The *preferred* Unicode interpretation is "Unicode Transformation
Format", but the standard also allows of "UCS Transformation Format"
as the interpretation of the acronym "UTF", since that is the usage
of ISO/IEC 10646-1:2000. Cf. Annex D in that document, entitled
"UCS Transformation Format 8 (UTF-8)". And the Unicode editors are
in favor of harmonic convergence of terminology where it makes

> ISO 10646 can encode characters beyond UTF-16, and should retain
> this capability.

This is technically correct. The wording in the standard states
"Planes 00 to FF in Groups 01 to 5F are reserved for future
standardization, and thus those code positions shall not be used
for any other purpose." That is a way of saying that SC2 *could*
encode characters there at some unspecified time in the future.

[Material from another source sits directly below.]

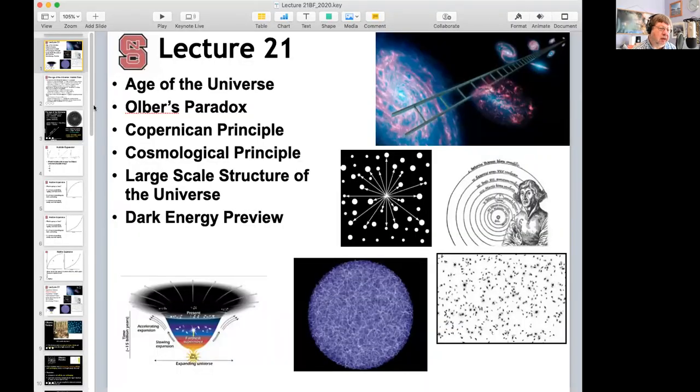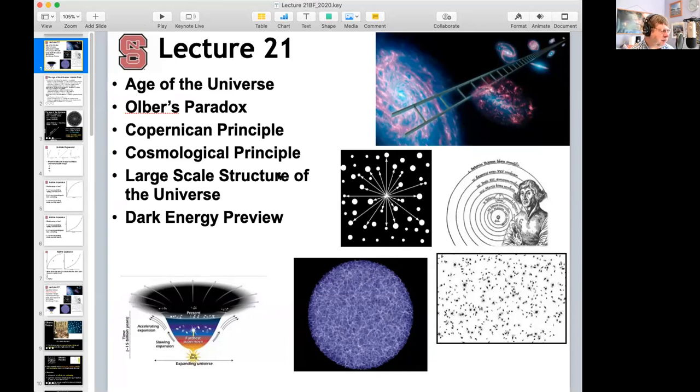Today we've got a whole bunch of topics. The next four lectures — remember, this course is stars and galaxies, really stars, galaxies, and the universe — we're now in the universe part. We've been talking about Hubble expansion and the Big Bang for the last two or three lectures. Today we'll cover the age of the universe, Olber's paradox, the Copernican principle, the cosmological principle, large-scale structure, and a preview of dark energy. There's not a lot of material today. I'm going to cover it kind of slowly and I'm open for questions anytime.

However, the proposal that someone mentioned on this thread can
be seen in Item 3 of the PDAM 1 to 10646-1, currently under ballot,
which removes user Planes E0 .. FF and user Groups 60 - 7F, placing
all those code positions into the same reserved status, and
disallowing their use as private use codes.

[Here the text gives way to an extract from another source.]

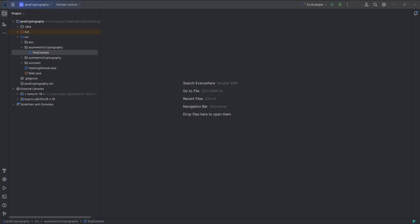Hello everyone, welcome back to this video. In this video we are going to learn how to use ECC — Elliptic Curve Cryptography algorithm — in Java. ECC is a public key cryptographic algorithm based on the algebraic structure of elliptic curves over finite fields. It is similar to RSA but uses a smaller key size, making it much more efficient in resource-limited environments such as mobile devices and embedded devices.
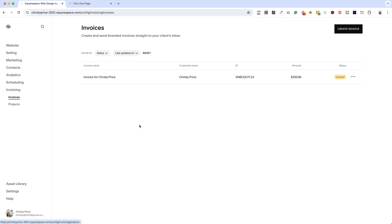Once that's set up, you can send out branded invoices using the process we walked through today and start getting paid. I hope you found this helpful, and I wish you all the best with your website.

The *purpose* of that proposal is to restrict the committed encoding
space of 10646 to U+0000..U+10FFFF, so that UTF-16 and UTF-8 (and
UTF-32) are interoperable.

Furthermore, SC2/WG2 is on record, in its minutes, resolutions,
and principles and procedures as not intending to encode anything
past U+10FFFF -- precisely because to do so would break interoperability
between UTF-16 and UTF-8.

> There is a proposal to restrict UTF-8 to
> only encompas the same values as UTF-16,

Actually, that is a separate proposal that has not yet been
floated, which would drop the 5- and 6-byte ranges of UTF-8,
since they are not necessary for UTF-16 interoperability.

> but UCS-4 still encodes
> the 31-bit code space.

Architecturally, this is still correct. 10646 structures the
codespace as 128 groups of 256 planes each, and the "Four-octet
canonical form" (UCS-4) requires the use of 4 "octets". So
this is a 31-bit code space.

Practically, however, the impact of other restrictions, and
the requirement for interoperability of UTF-16 and UTF-8 (and
UTF-32), plus the SC2/WG2 principles and procedures, means
that the G-octet will always be 0x00, and the P-octet will
always be in the range 0x00..0x10. In other words, 10646 as
a *Coded Character Set* (as opposed to an architecture for
encoding) has a 21-bit code space. And SC2/WG2 is perfectly
aware that it would be highly inadvisable (and damaging to
its own successful standard) to exceed that limit.